Friday, Dec. 31, 1965
Frame-Up
VICTORIAN SCANDAL by Roy Jenkins. 447 pages. Chilmark Press; Random House. $7.95.
On the morning of July 19, 1885, Sir Charles Dilke sat confidently on top of what Disraeli once called "the greasy pole" of British politi ". Disraeli himself, though a Tory, had acknowledged Liberal Dilke as "the most useful and influential" politician of his generation. Gladstone had just designated Sir Charles, then only 41, to succeed him as leader of the Liberal Party. As such, he was almost certain to become Prime Minister when Gladstone, then almost 76, stepped down. But before the fateful day was over, Dilke had a disastrous fall that smashed his career and arguably altered the course of British political history. The Dilke Case was the Profumo Affair of the Victorian era.
Youngest Ever. Long forgotten by all but avid devotees of Victoriana, Dilke and his scandal were recently and rather carelessly reconstructed in a melodrama (The Right Honourable Gentleman) that ran a year and a half in London and is now maintaining a precarious life on Broadway. The tragedy deserves more responsible treatment, and this it has been given by Roy Jenkins, a political historian who is Minister of Aviation in Britain's Labor government. After a study of all available evidence, some of it never before made public, Jenkins concludes that Dilke was framed and finished off by a cabal of malevolent in-laws and ex-mistresses.
Until the dark day dawned, fortune smiled relentlessly on Dilke. Heir to a minor publishing fortune, he was a first-class scholar and athlete at Cambridge, soon after graduation stood successfully for Parliament and then followed up his election with a sociopolitical study of the British Empire (Greater Britain) that hugely impressed the British intellectual and political establishment. At 39, he became the youngest member of the Gladstone Cabinet.
Unhappily, as was often the case with Victorian politicians, Dilke's private life was rather less exemplary than his public activity. He had a fatal attraction to the tigress type, and during his 20s and 30s he apparently conducted affairs with three or four appallingly predatory women--among them his sister-in-law's mother.

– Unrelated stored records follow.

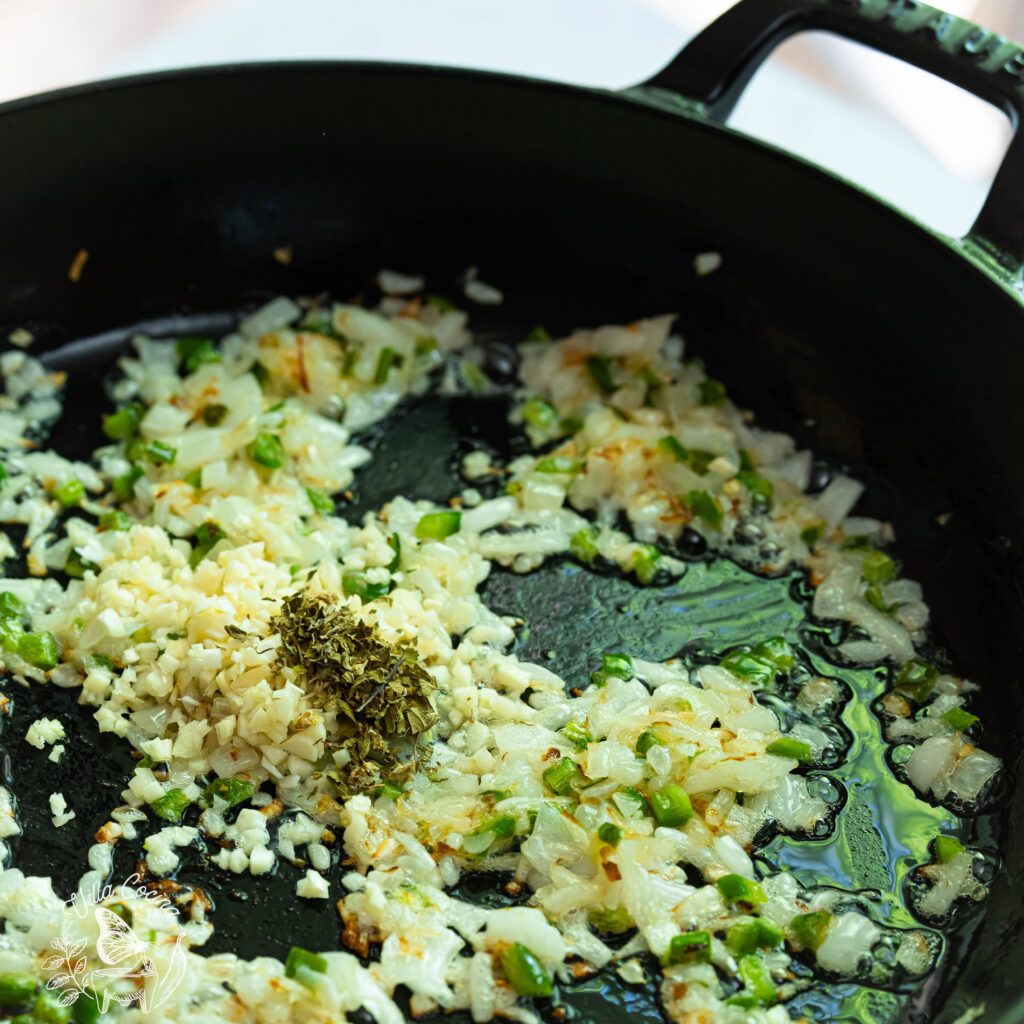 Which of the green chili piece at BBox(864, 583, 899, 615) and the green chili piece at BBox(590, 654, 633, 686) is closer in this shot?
the green chili piece at BBox(590, 654, 633, 686)

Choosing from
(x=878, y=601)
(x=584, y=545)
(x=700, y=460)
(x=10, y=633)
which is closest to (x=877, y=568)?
(x=878, y=601)

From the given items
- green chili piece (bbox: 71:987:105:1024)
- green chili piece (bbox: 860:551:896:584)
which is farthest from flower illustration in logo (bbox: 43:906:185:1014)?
green chili piece (bbox: 860:551:896:584)

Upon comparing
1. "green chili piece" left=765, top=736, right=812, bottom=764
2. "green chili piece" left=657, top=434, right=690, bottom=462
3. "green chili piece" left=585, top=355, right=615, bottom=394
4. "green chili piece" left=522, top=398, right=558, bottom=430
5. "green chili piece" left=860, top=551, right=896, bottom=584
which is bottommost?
"green chili piece" left=765, top=736, right=812, bottom=764

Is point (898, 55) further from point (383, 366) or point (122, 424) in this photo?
point (122, 424)

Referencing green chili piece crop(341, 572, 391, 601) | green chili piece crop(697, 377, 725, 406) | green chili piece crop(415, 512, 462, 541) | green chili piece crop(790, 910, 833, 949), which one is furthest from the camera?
green chili piece crop(697, 377, 725, 406)

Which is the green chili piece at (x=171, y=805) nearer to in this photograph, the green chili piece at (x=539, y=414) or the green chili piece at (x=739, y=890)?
the green chili piece at (x=739, y=890)

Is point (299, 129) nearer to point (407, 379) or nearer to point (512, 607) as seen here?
point (407, 379)

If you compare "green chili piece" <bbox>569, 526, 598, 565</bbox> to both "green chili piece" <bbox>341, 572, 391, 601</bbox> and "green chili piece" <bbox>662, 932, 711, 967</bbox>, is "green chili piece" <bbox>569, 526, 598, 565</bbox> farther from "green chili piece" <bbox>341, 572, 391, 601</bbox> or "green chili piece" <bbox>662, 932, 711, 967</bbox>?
"green chili piece" <bbox>662, 932, 711, 967</bbox> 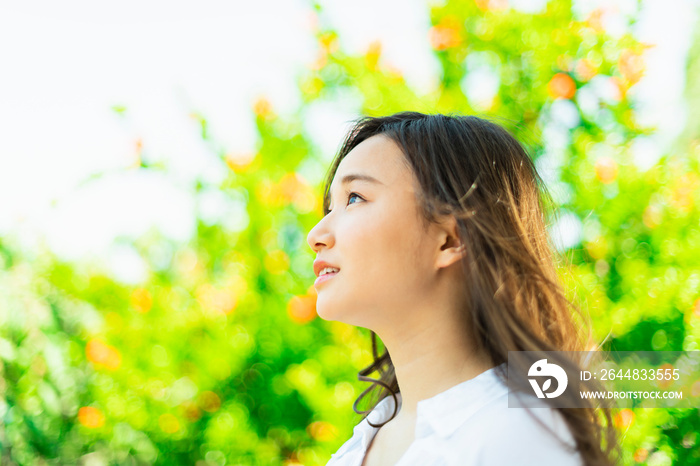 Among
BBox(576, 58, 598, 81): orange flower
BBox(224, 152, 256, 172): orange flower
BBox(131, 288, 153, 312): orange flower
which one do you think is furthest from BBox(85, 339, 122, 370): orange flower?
BBox(576, 58, 598, 81): orange flower

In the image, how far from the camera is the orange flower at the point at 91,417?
101 inches

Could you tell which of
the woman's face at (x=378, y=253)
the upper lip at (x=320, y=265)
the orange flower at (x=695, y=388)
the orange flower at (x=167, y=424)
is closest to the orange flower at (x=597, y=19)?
the orange flower at (x=695, y=388)

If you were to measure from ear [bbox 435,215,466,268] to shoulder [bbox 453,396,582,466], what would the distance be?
35cm

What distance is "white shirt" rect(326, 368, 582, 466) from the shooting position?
96cm

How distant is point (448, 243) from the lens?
4.24 feet

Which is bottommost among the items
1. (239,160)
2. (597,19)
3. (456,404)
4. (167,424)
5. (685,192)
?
(167,424)

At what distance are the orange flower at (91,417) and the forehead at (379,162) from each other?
75.4 inches

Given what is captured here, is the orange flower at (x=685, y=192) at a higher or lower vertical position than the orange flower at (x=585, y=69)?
lower

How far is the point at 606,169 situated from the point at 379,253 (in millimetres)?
1439

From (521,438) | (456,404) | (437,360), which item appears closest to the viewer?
(521,438)

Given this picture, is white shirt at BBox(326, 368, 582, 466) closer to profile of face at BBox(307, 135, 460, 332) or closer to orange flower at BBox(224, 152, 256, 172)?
profile of face at BBox(307, 135, 460, 332)

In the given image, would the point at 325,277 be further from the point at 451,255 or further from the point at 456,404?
the point at 456,404

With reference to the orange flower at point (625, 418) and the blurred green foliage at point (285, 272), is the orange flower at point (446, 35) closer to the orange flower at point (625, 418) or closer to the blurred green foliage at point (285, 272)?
the blurred green foliage at point (285, 272)

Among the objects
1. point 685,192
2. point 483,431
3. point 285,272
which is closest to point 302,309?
point 285,272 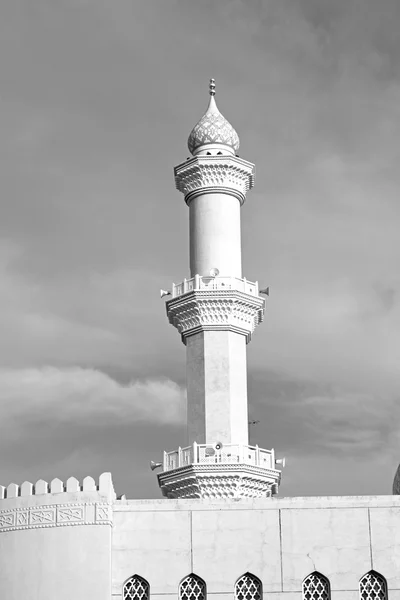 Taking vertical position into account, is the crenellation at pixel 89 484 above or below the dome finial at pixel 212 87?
below

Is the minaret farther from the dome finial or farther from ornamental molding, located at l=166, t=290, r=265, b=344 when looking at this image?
the dome finial

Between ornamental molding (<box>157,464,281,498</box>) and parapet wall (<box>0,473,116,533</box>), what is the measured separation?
682 centimetres

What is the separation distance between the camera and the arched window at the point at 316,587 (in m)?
30.6

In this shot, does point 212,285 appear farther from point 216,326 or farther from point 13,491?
point 13,491

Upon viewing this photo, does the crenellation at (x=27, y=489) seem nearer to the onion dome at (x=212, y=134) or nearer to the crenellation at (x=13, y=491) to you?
the crenellation at (x=13, y=491)

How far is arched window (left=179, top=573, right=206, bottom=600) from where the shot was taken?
1201 inches

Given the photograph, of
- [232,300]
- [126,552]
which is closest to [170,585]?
[126,552]

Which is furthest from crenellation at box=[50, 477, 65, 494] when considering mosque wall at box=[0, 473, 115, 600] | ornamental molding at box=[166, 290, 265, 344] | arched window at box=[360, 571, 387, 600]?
ornamental molding at box=[166, 290, 265, 344]

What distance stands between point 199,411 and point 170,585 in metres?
9.13

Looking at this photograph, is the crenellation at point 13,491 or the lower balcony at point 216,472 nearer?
the crenellation at point 13,491

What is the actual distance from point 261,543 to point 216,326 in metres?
10.1

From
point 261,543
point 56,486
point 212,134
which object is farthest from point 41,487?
point 212,134

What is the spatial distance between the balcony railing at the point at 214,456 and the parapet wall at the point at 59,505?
23.2 ft

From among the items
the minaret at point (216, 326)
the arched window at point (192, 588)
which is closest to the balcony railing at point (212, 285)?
the minaret at point (216, 326) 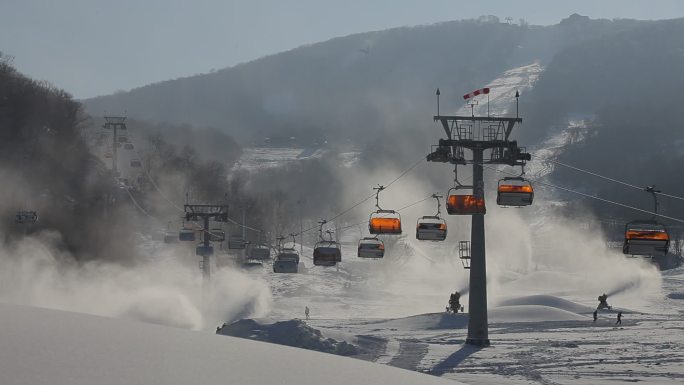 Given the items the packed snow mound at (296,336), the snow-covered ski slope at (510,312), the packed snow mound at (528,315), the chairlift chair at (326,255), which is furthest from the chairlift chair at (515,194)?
the packed snow mound at (528,315)

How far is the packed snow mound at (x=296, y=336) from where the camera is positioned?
4328cm

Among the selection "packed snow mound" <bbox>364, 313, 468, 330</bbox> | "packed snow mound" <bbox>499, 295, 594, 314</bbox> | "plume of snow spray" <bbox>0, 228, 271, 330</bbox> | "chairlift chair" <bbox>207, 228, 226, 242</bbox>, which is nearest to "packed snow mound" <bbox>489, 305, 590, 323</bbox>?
"packed snow mound" <bbox>364, 313, 468, 330</bbox>

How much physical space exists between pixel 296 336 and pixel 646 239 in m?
17.6

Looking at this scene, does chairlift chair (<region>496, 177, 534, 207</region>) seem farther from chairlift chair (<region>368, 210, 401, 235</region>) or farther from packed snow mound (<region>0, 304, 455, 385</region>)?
Result: packed snow mound (<region>0, 304, 455, 385</region>)

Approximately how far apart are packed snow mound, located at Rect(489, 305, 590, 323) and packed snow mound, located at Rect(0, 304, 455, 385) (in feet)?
179

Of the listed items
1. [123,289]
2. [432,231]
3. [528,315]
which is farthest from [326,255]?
[123,289]

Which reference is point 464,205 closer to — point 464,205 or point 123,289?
point 464,205

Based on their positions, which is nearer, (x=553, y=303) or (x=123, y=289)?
(x=553, y=303)

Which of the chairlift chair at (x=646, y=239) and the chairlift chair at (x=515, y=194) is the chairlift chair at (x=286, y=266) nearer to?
the chairlift chair at (x=515, y=194)

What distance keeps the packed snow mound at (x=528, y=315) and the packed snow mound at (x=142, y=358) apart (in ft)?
179

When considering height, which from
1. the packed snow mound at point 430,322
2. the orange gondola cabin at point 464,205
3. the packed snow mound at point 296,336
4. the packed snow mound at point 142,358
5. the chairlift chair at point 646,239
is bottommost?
the packed snow mound at point 430,322

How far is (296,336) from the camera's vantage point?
43.9m

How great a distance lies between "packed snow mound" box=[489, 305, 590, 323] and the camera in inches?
2736

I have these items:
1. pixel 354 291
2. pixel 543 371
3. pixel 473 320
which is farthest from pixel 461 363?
pixel 354 291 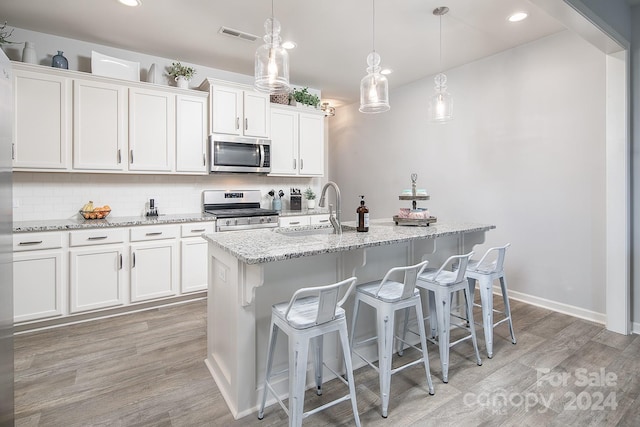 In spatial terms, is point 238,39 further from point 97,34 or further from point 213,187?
point 213,187

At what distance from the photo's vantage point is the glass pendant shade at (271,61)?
212 cm

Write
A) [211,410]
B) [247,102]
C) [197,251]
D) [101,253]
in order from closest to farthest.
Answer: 1. [211,410]
2. [101,253]
3. [197,251]
4. [247,102]

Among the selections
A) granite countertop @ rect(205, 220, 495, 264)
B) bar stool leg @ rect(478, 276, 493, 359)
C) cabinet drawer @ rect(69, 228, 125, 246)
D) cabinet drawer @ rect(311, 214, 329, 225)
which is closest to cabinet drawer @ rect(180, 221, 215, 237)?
cabinet drawer @ rect(69, 228, 125, 246)

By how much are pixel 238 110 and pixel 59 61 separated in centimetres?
175

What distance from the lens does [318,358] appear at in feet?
6.45

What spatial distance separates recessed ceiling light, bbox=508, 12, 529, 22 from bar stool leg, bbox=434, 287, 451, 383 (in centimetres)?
252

French Vice. The plot was sprung by his sister-in-law's sister, a Mrs. Donald Crawford, who suddenly informed her husband that she had been "ruined" by Sir Charles. What's more, she told him that Sir Charles had taught her "every French vice" and had persuaded her to play three-in-a-bed with himself and his housemaid. Mr. Crawford thereupon decided to sue his wife for divorce and to name Sir Charles as corespondent. Dilke duly protested that he had never laid a finger on Mrs. Crawford, but he knew that the prudish Victorian public would not believe him. So did Gladstone. He quietly dropped Dilke.
Cut dead by most of his friends, ripped apart by the gutter press, bewildered by expensive lawyers who gave him bad advice, belabored by indignant judges who prejudged him a monster of depravity, Sir Charles staggered pathetically through two sensational trials. Crawford won his divorce; Dilke was lucky to escape prosecution for perjury and perversion. His constituents turned him out of office.
With nothing left but cash and courage, Dilke grimly continued the fight. During the next decade a committee established to investigate the case produced evidence which strongly suggests that Mrs. Crawford's story was a lie from beginning to end. In fact, says Jenkins, Mrs. Crawford had an affair with a certain Captain Forster, from whom she had contracted syphilis. Unable to continue her marriage without disclosing her condition, Mrs. Crawford cynically decided to get both Dilke and a divorce in one fell swoop.
Fatal Split. Why did she want to destroy Dilke? Author Jenkins argues that despite his protestation of utter innocence, Dilke actually did have an affair with Mrs. Crawford before she was married; that Dilke refused to marry her; that she ruined him because he had "ruined" her. But nobody knows for certain. What is certain, or seems so on the evidence Jenkins supplies, is that Dilke was the only man who could hold the Liberals together. Within a year of his political demise the party split, and Gladstone's last administration foundered in failed majorities. One woman's vindictiveness, Jenkins suggests, had significantly tipped the balance of political power in Britain.